- **Assignment**
Set down the line containing "91家纺网 家纺一手货源 找家纺" and each line after it through the last line of the records, exactly, leaving pictures out.

[Records for processing — start]

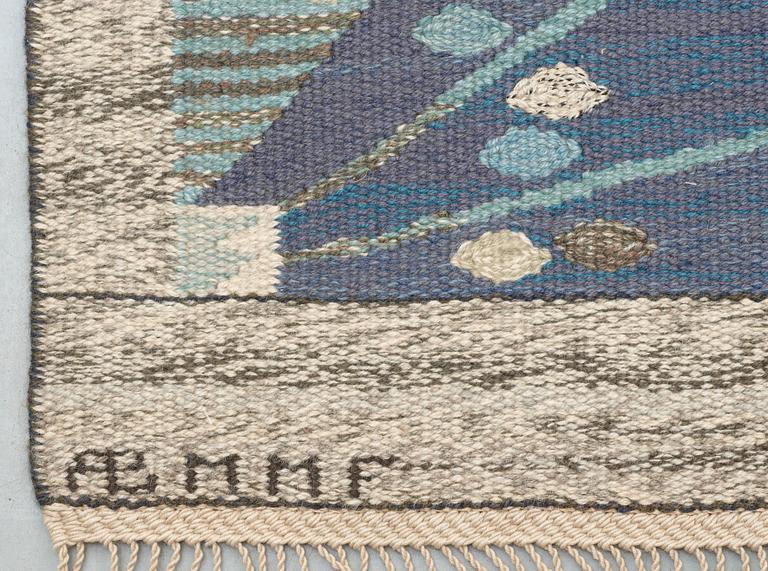 CARPET. "Park, blå och grön". Tapestry weave. 305 x 306 cm. Signed AB MMF BN.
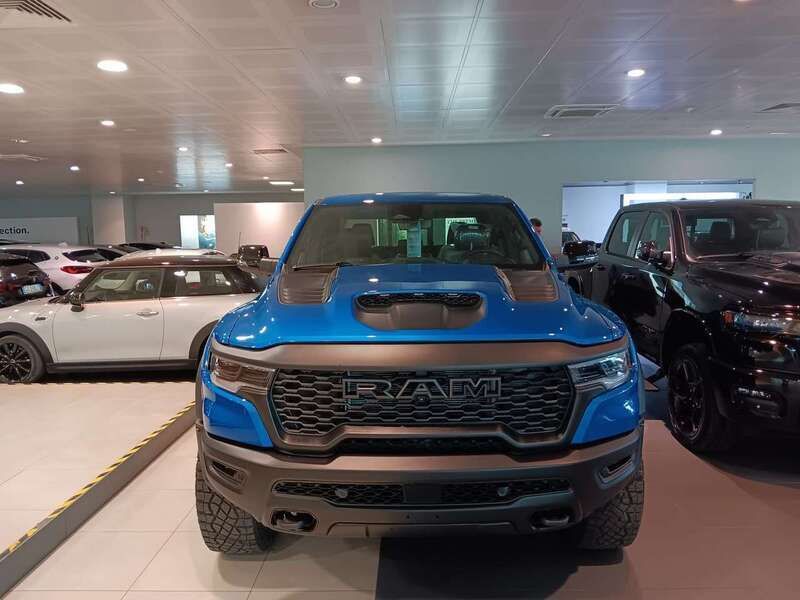 Nuova RAM 1500 540 CV (397 kW) 2025 Blu Pick-up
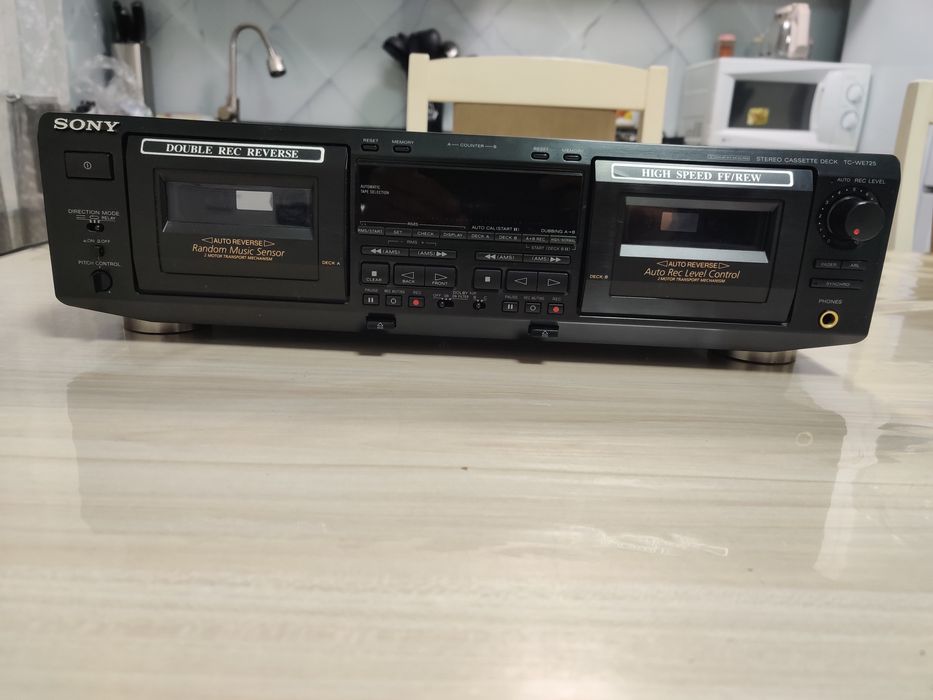 Кассетная дека SONY TC-WE 725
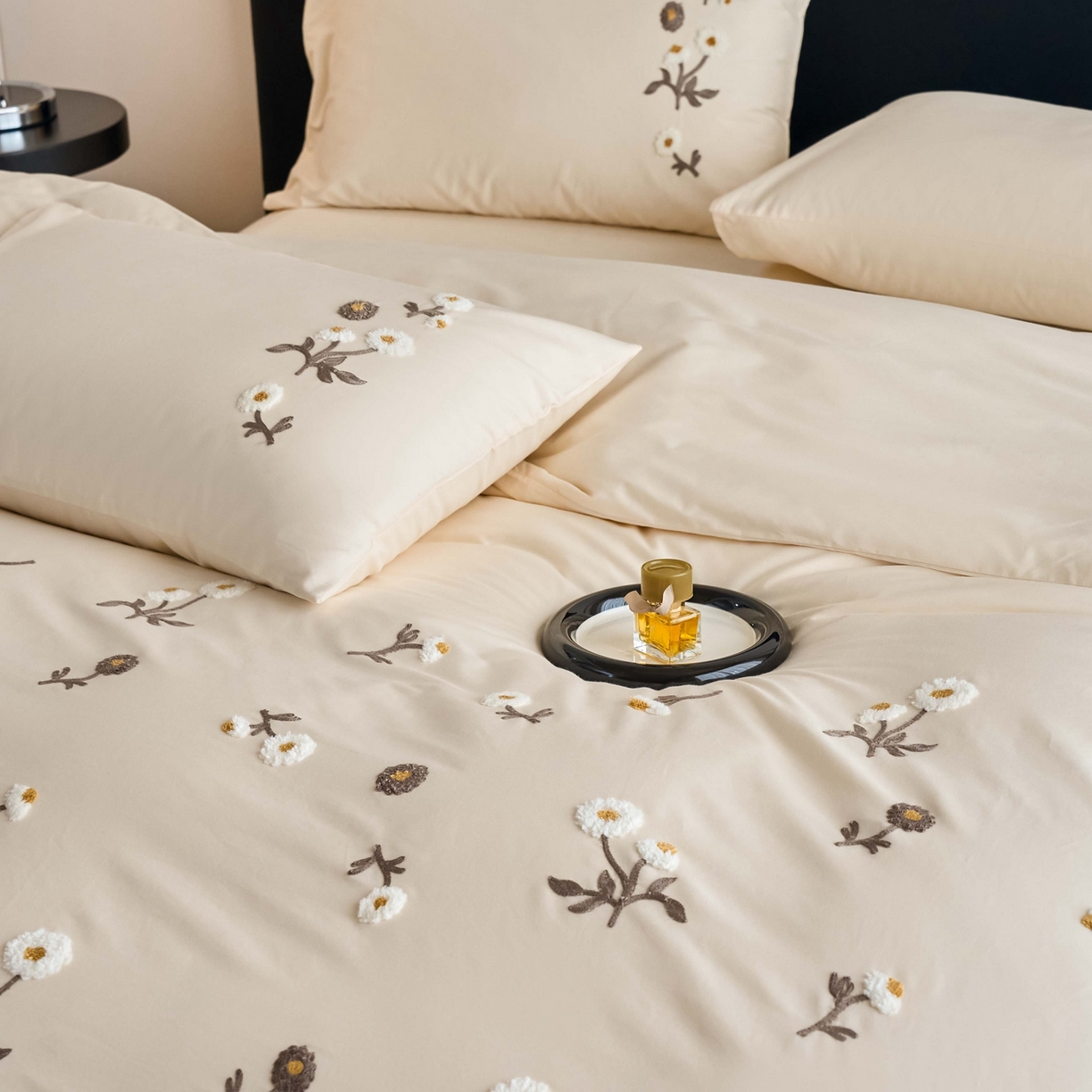 91家纺网 家纺一手货源 找家纺 悦然毛巾被 2025新款全棉纯棉斜纹毛巾绣四件套 花样年华奶白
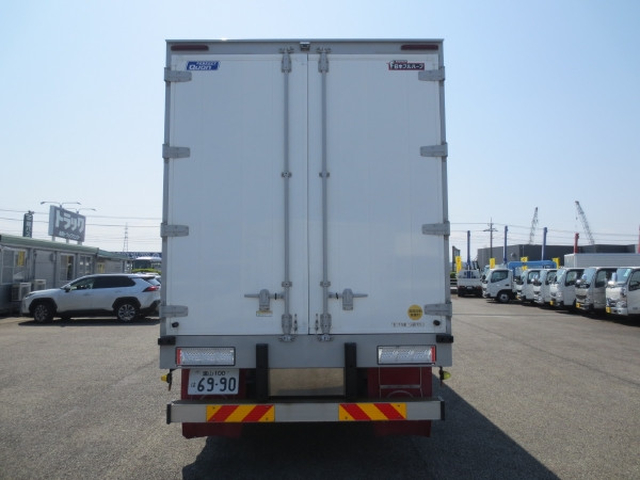 UDトラックス（日産） クオン 大型 ウィング 2PG-CD5CA(103388) 7枚目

[Records for processing — finish]

- **Solution for this exercise**
 91家纺网 家纺一手货源 找家纺 悦然毛巾被 2025新款全棉纯棉斜纹毛巾绣四件套 花样年华奶白
 UDトラックス（日産） クオン 大型 ウィング 2PG-CD5CA(103388) 7枚目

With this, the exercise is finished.